- Functional and inoffensive
- No real skill necessary
- Low-key microtransactions
- Dull and tame gameplay
- Success is only a matter of patience
- Especially generic looks
There comes a time in every developer’s life where they have to put out a clone. Or, if they’re feeling especially clever, a composite of different clones. The latter is like the equivalent of a ‘super group’, cherry picking the lead guitarist from one band, the drummer from the other – albeit in this particular context it wouldn’t be the actual guitarist or drummer, but rather those from tribute acts who play down The Dog & Duck.
King, of course, is by no means a stranger to such practices. Though heavily routed in match-threes and associated puzzlers, its signature has been to sift through the best and most effective elements from other games in its chosen genre and mould them altogether into the kind of commercial prospect that just delivers. Whatever may have been showcased at Gamescom the other week all “stole the show” at E3 a couple of months back, the fact remains that Candy Crush Saga is the biggest game on the planet right now, and has been for some time.
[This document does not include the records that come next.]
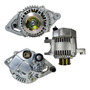 Alternador Jeep Cherokee Y Wrangler 99 Jeep Wrangler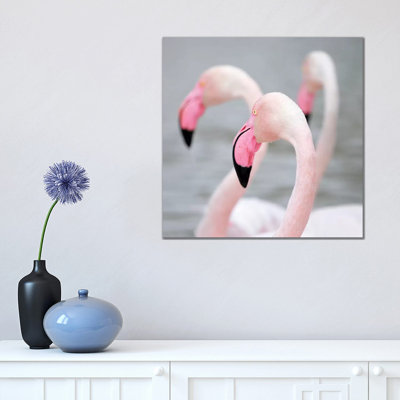 1 Piece Wall Art on Canvas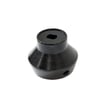 Hub 27908.00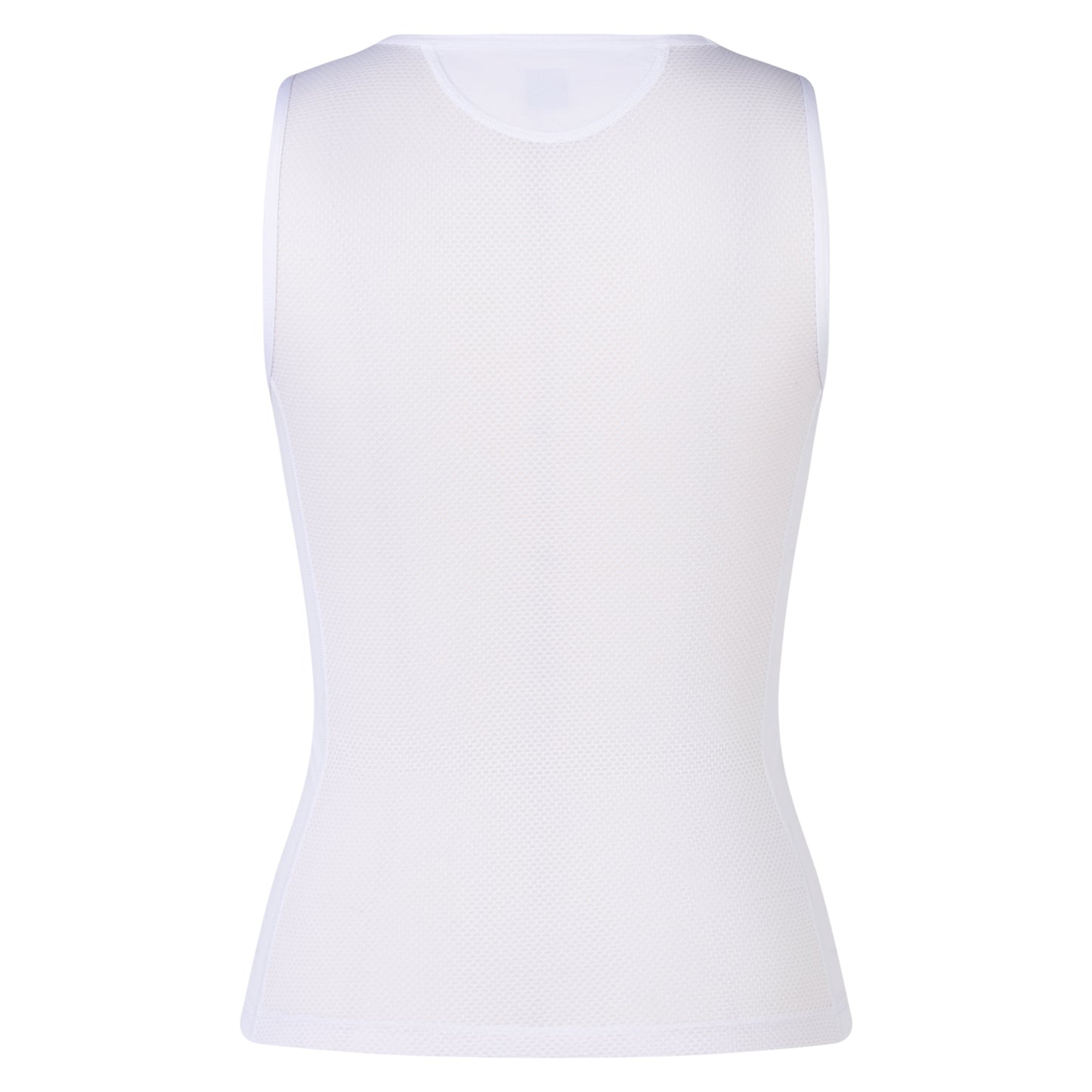 Rapha Women's Pro Team Sleeveless Base Layer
It’s a legacy that means that, if a King game survives a soft launching run on the other side of the planet and makes it out in the UK and US, you know the company is fairly certain it’s going to be success. Indeed, none of the words written below this sentence are likely to have any bearing on that fact, but we can say one thing for sure: Paradise Bay is not especially fun, it’s not worth your time, and it’s no feather in King’s cap whatsoever.
If the depths of those three statements haven’t quite sunk in yet, the opening of Paradise Bay should be enough to convince you that there’s very little that’s unique or even compelling as part of what’s on offer here. Set on a tropical island sat in the middle of the deep blue sea, your primary role is one of trademaster. Strip away all the fixtures and fittings (which comprise of the kind of overtly cheery characters that would be too upbeat even for a Disney movie) and your job is to use the island’s resources to meet orders.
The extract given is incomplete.